Os ventos da transformação social que varrem toda a Europa encontram paradeiro na Dinamarca depois de séculos de uma nobreza insensível, que só consegue dominar pela opressão e pelo terror. Naturalmente, a Revolução Francesa, entre 1789 e 1799, teve seu quê de responsabilidade no que veio a se dar na Escandinávia, com a adoção de leis progressistas no que dizia respeito à vassalagem e à exploração da mão de obra escrava, mas o ótimo roteiro de Arcel, Bodil Steensen-Leth e Rasmus Heisterberg volta a 1775, catorze anos antes da eclosão da primeira onda de rebeliões dos desvalidos parisienses, a fim de não deixar qualquer lapso quanto à originalidade e mesmo ao caráter excêntrico do fenômeno que se quer descrever. Como se não fosse o bastante, a narrativa retrocede ainda mais, a 1766, e então o filme começa a adquirir sua forma definitiva.
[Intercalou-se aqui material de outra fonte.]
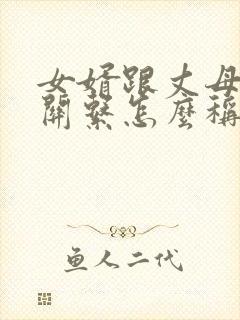 女婿跟丈母娘的关系怎么称呼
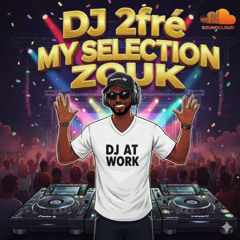 Ma sélection  ZOUK  vol.1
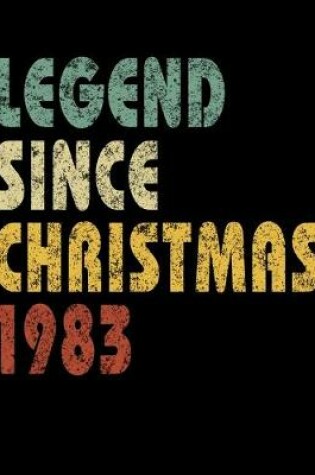 Cover of Legend Since Christmas 1983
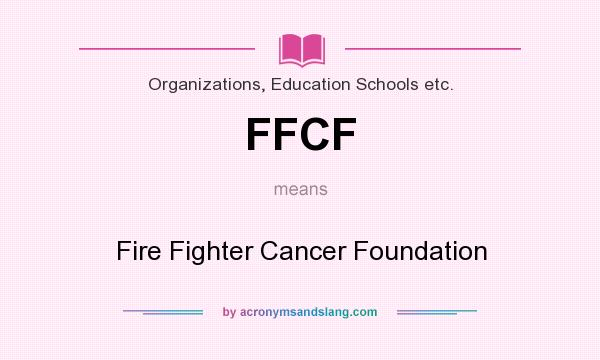 What does FFCF mean? It stands for Fire Fighter Cancer Foundation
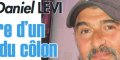 Daniel Lévi, fini le cancer du côlon, sa grande annonce (photo)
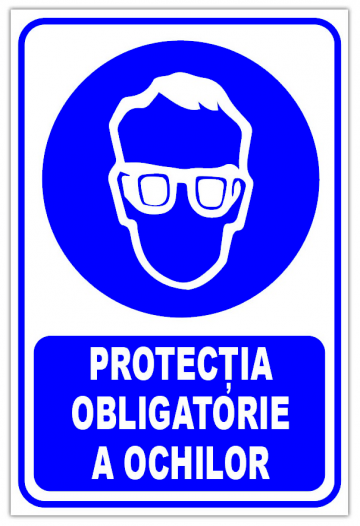 Indicator protectia obligatorie a ochilor de la Prevenirea Pentru Siguranta Ta G.i. Srl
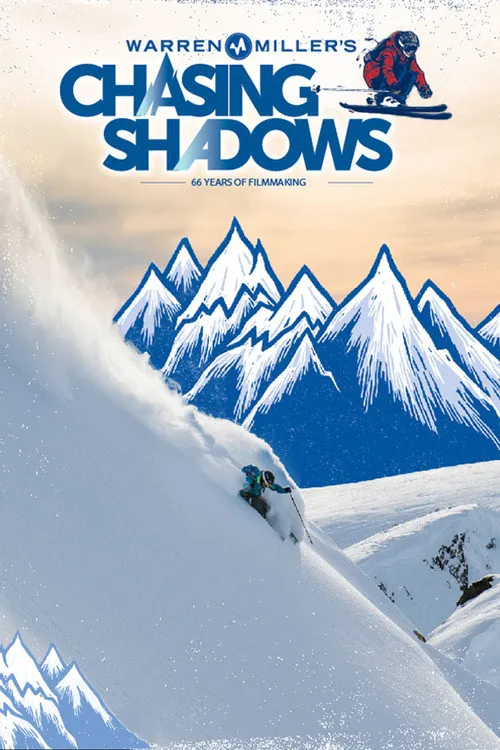 Warren Miller's Chasing Shadows海报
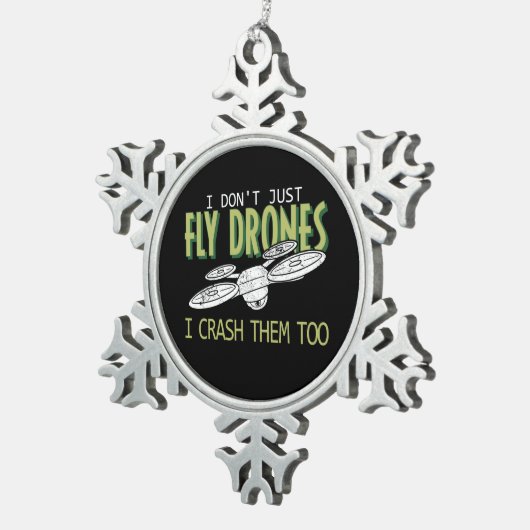 Funny Drone Pilot Multirotor Quadcopter Fliegenabs Schneeflocken Zinn-Ornament (Rechts)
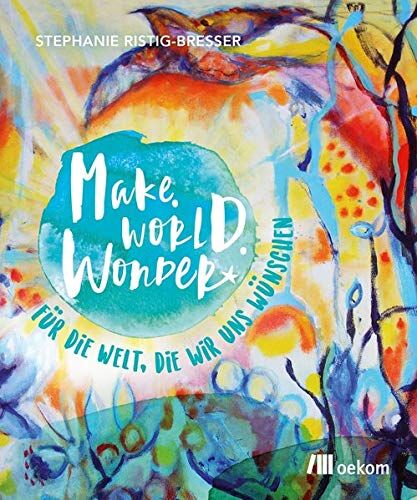 Stephanie Ristig-Bresser - Make. World. Wonder.: Für die Welt, die wir uns wünschen - Preis vom 09.10.2026 07:28:09 h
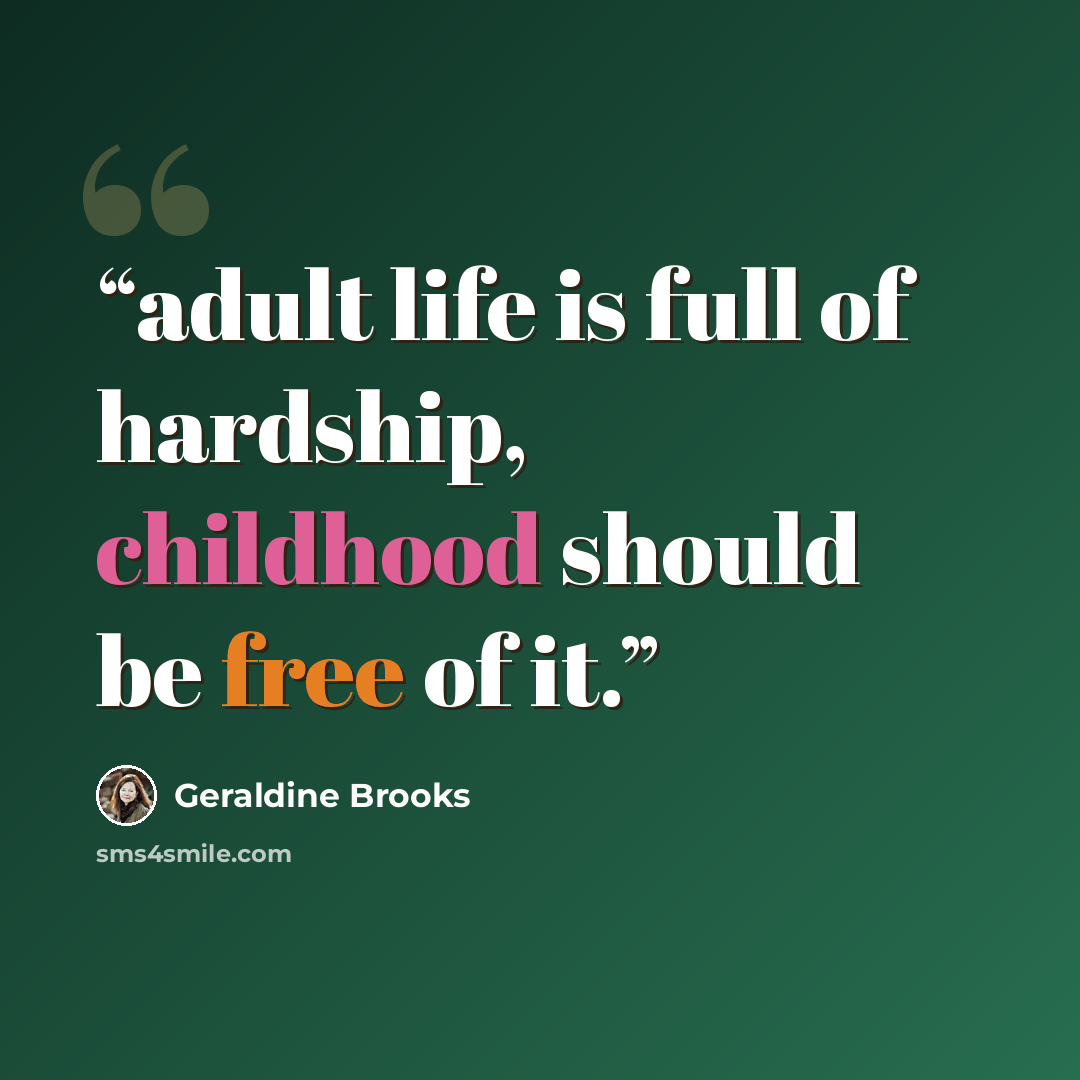 “adult life is full of hardship, childhood should be free of it.” quote by Geraldine Brooks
Aos catorze anos, Caroline Matilde (1751-1775) é a rainha consorte da Dinamarca sem jamais ter deixado os campos da Grã-Bretanha, onde nascera. O diretor é habilidoso em elaborar a solidão da futura mulher mais poderosa da Corte dinamarquesa, investindo em mostrar Caroline sob a constituição que mantinha até aquele momento, uma garota assustadiça, pungentemente lúgubre, que tece perturbadoras reflexões acerca de si mesma e da humanidade em solilóquios com seu cavalo. Ao longo dos 137 minutos, se tem a certeza de que Alicia Vikander não poderia ser escolha mais acertada para o papel; os vários momentos de tristeza da rainha, que parte numa jornada com destino a um país desconhecido e que se lhe mostra especialmente hostil, ainda na introdução, são amenizados pela aura sublime e estoica de uma mártir adiada que a atriz empresta a sua personagem. O encontro com o rei Cristiano 7º (1749-1808), numa encruzilhada, e a metáfora perfeita do que será sua vida a partir desse instante, ainda mais só, mais e mais amarga e sempre à cata de um argumento qualquer, por insano que parecesse, para justificar sua presença na vida daquele estranho. Mikkel Følsgaard, por seu turno, encarna com folga a loucura crescente de Cristiano, e é ela, sua completamente inadequação perante tudo, quem dá azo para o surgimento do protagonista.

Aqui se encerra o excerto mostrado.